Signs in shops and streets directed “whites” to one area and “blacks, coloureds and asians” to another.

“It’s over thirty years since I saw for myself the horrors of Apartheid South Africa,” says Sir Trevor McDonald, who was appalled by the oppression that he saw there.

To mark what would have been Nelson Mandela’s hundredth birthday, Sir Trevor now returns.

He was the first journalist to interview Mandela after his release from prison in 1990 after 27 years and saw history in the making. Mandela wanted a Rainbow Nation, but does that exist in today’s South Africa?
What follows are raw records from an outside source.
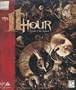 The 11th Hour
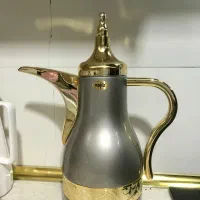 فلاسک اماراتی خیلی شیک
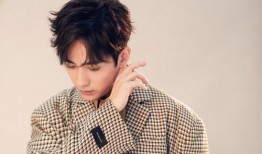 樊志慧吃瓜,揭秘娱乐圈幕后故事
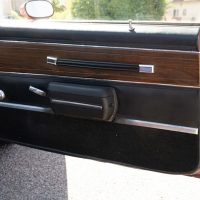 1972 Oldsmobile Cutlass Supreme Convertible - Image 33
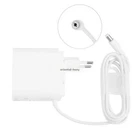 AC Adapter BTC01RR 25.6V 0.8A for Xiaomi Mi Handheld Vacuum Cleaner SCWXCQ01RR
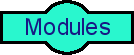 Module Contruction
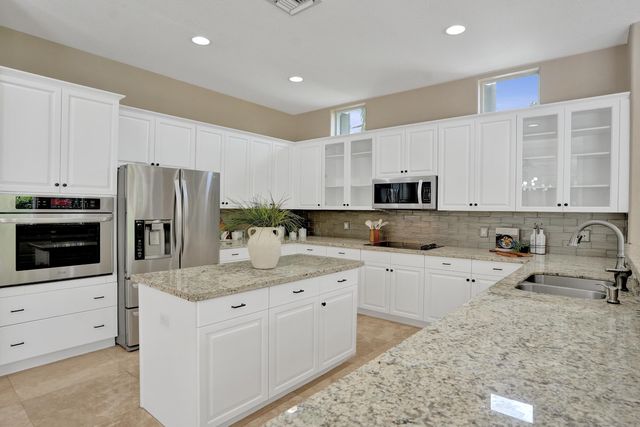 7500 NW 124th Avenue, Parkland, FL 33076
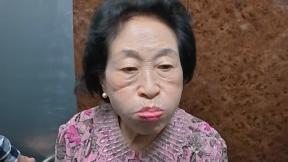 ‘86세’ 전원주, ‘연하남 사기’ 딛고 결정사 가입 “ 팔뚝 큰 男 만나고파”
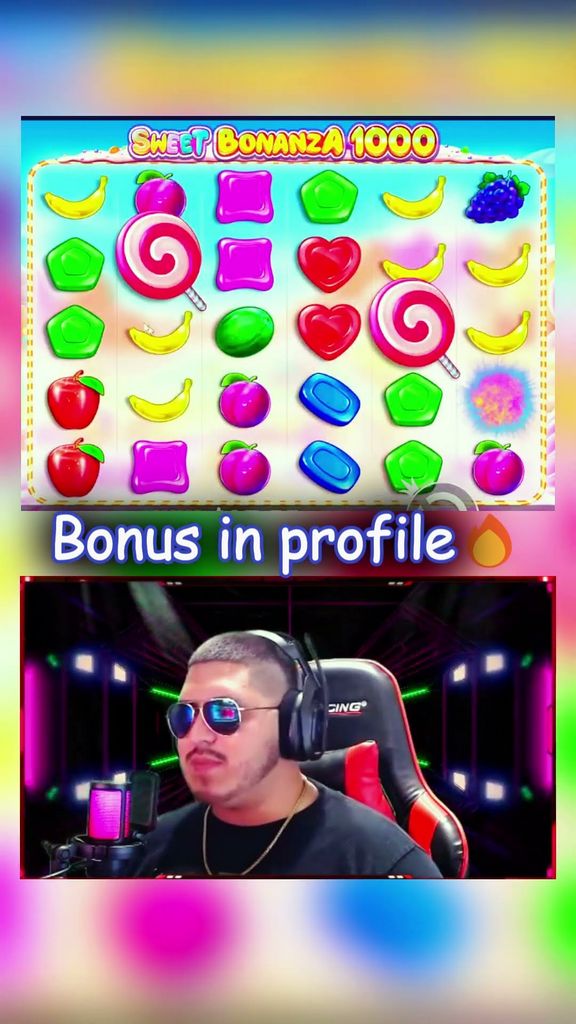 BigWins Gambling Enterprise - Review 3 Crucial Things Prior To 200 Cash Rotates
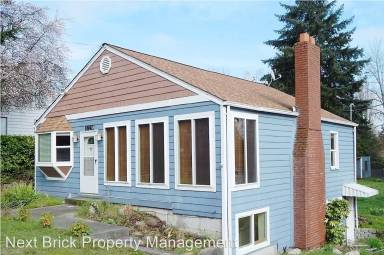 Main picture of 11250 Occidental Ave S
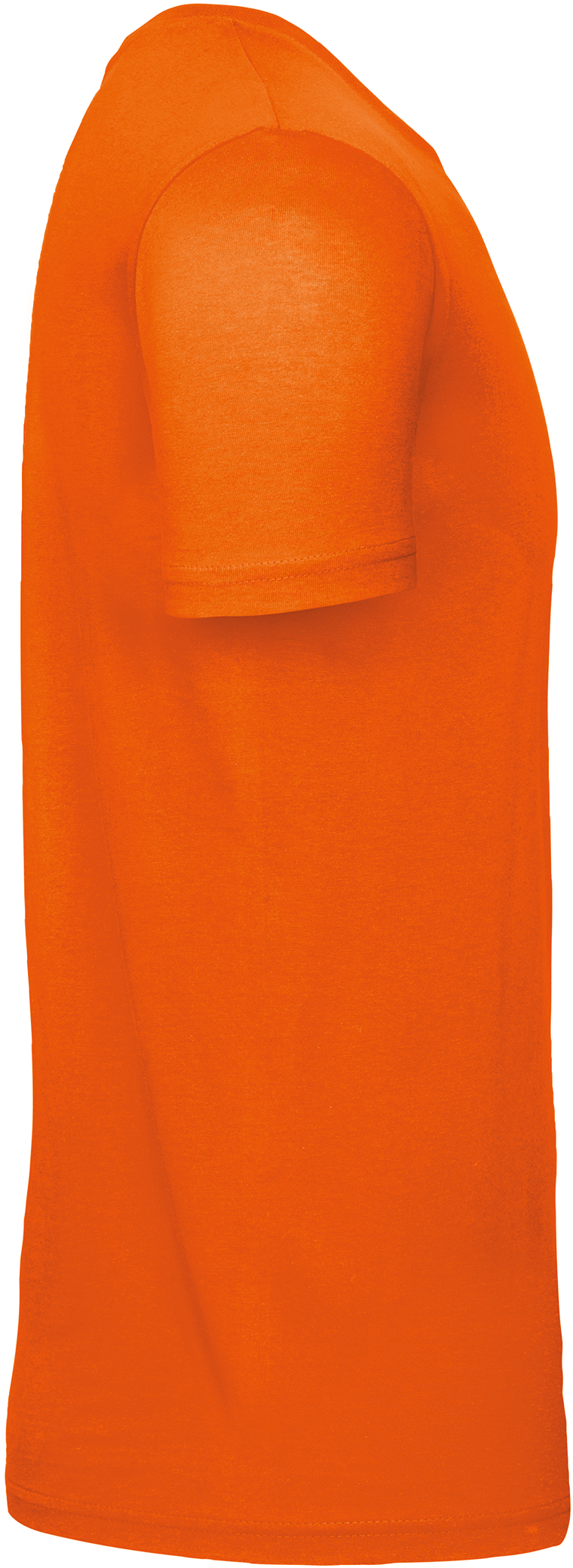 GDTXCGTU01T Orange SIDE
Despite having changed massively, it is still a land defined by division, inequality and violent crime.

As Sir Trevor travels around the country, one with shocking contrasts, it’s clearly a very personal tour for him.

He visits Vilakazi Street, the site of Nelson Mandela’s family home, where he conducted the interview. He also discovers a very different Soweto to the townships of the 1980s, meeting real estate agent Matseleng Mogodi, who sells luxury houses, to the new, black middle class.

By contrast, he visits a Squatter Camp in Munsievill­e where white families, once protected by the economics of apartheid, are now struggling to make ends meet.

There’s also a trip through the notorious Cape Flats, known as “the murder capital of the world”, which sits not far from the gated Val De Vie, the most luxurious developmen­t in a South Africa.